The Antiquarian Book Dealers Association have sent out a warning to dealers to be alert to a credit card scam that has already claimed more than $100,000 worth of items from the trade.
The warning follows the uncovering of a fraud that targeted UK, USA and Canadian booksellers. Some of the stolen merchandise later appeared for sale on eBay.
The association now fears that the thieves will change identities and use new card numbers and are asking all dealers to exercise particular vigilance.
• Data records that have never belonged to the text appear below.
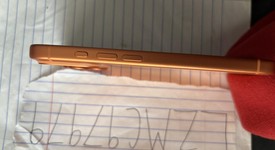 Mint
													Apple iPhone 17 Pro - Metro by T-Mobile, Cosmic Orange, 256 GB, A3256, photo 4 of 6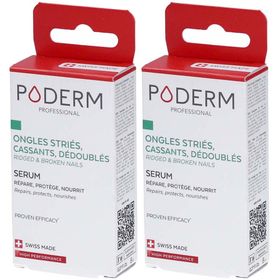 PODERM Huile sérum nourissante pour les ongles
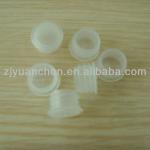 customized plastic plug with thread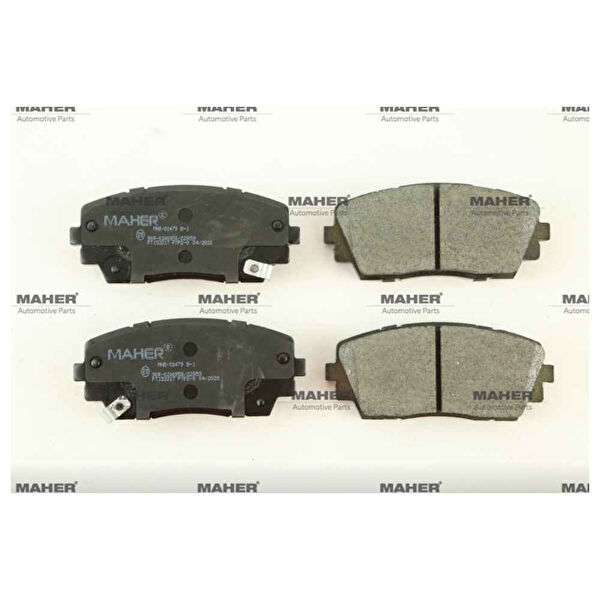 İthal Fren Balataları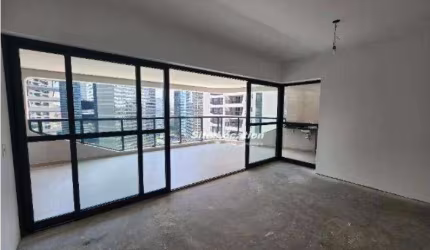 113275 Apartamento com 3 dormitórios à venda, 162 m² por R$ 3.700.000 - Chácara Santo Antônio - São Paulo/SP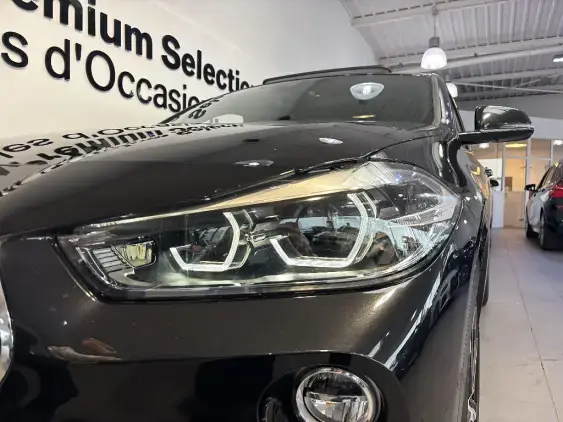 BMW X2 I - voiture d'occasion - Photo 19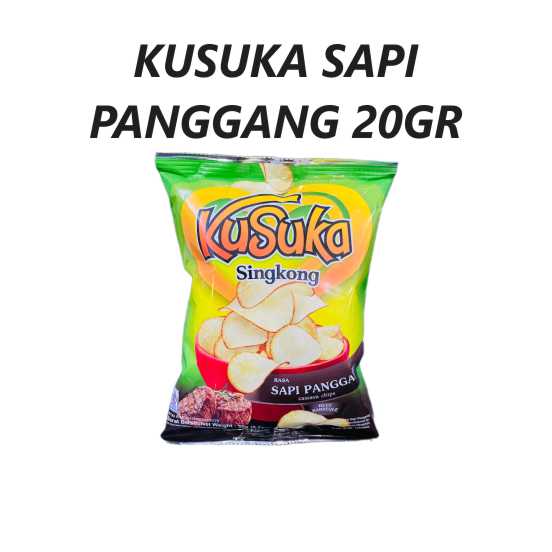 Kusuka Sapi Panggang (2000)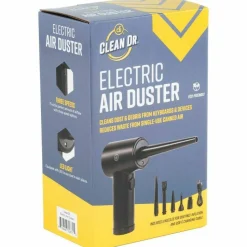 Digital Innovations Electric Airduster, USB Rechargeable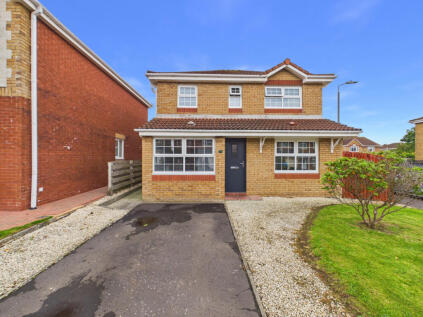 Auchanshangan Drive, Saltcoats, KA21 6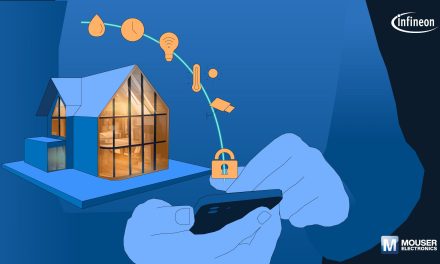 Mouser Electronics and Infineon Technologies Present Webinar on the Future of Smart Home Security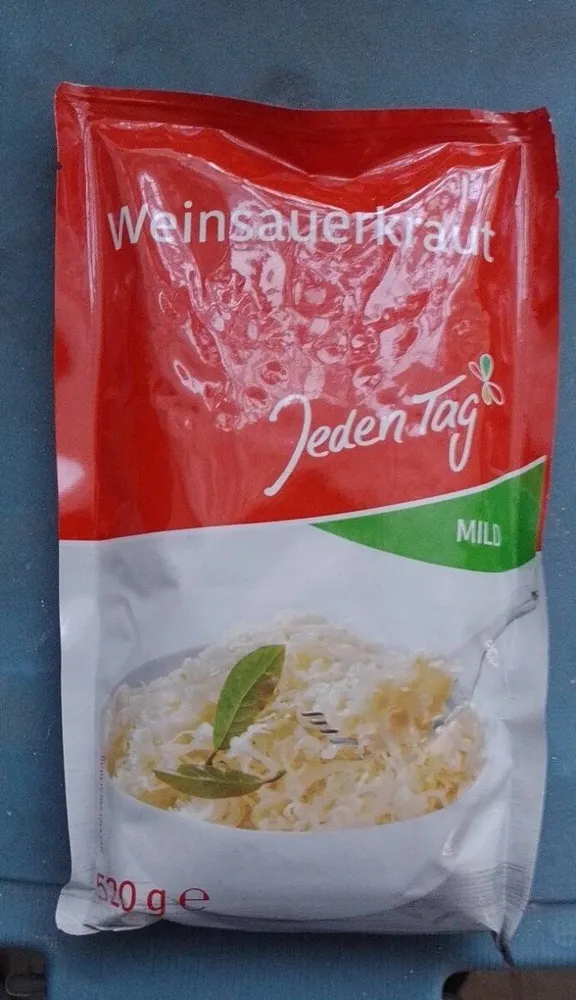 Weinsauerkraut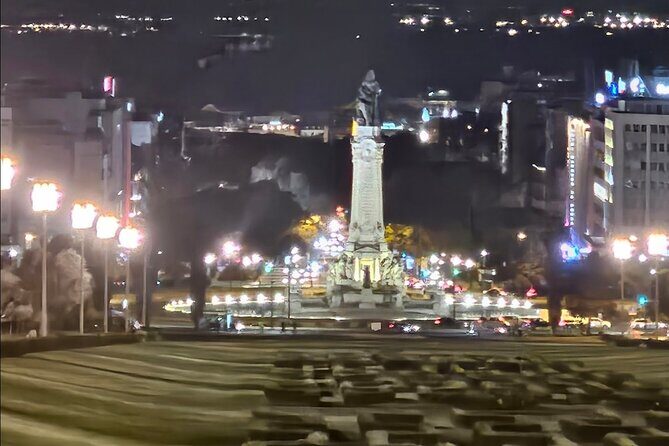 Lisbon car tour 3 hours - The Sum Up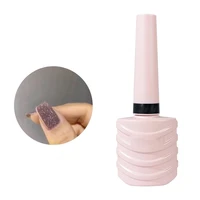 10g nail polish shiny removable resin nail phototherapy glue for women reflective diamond nail polish nail art gel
Throughout August dozens of dealers (mostly clients of the Internet site the Advanced Book Exchange) took orders from previously unknown buyers based in Belgrade and another in Ghana. According to the issuing banks (who have now shut down many of the accounts) the credit card numbers used for payment were stolen from “high-ranking government officials” whose high credit limits had been used to great effect by the thieves.
Ken Sanders of Ken Sanders Rare Books, of Salt Lake City is the chairman of the Antiquarian Book Dealers Association of America’s security committee which is handling all information relating to this case.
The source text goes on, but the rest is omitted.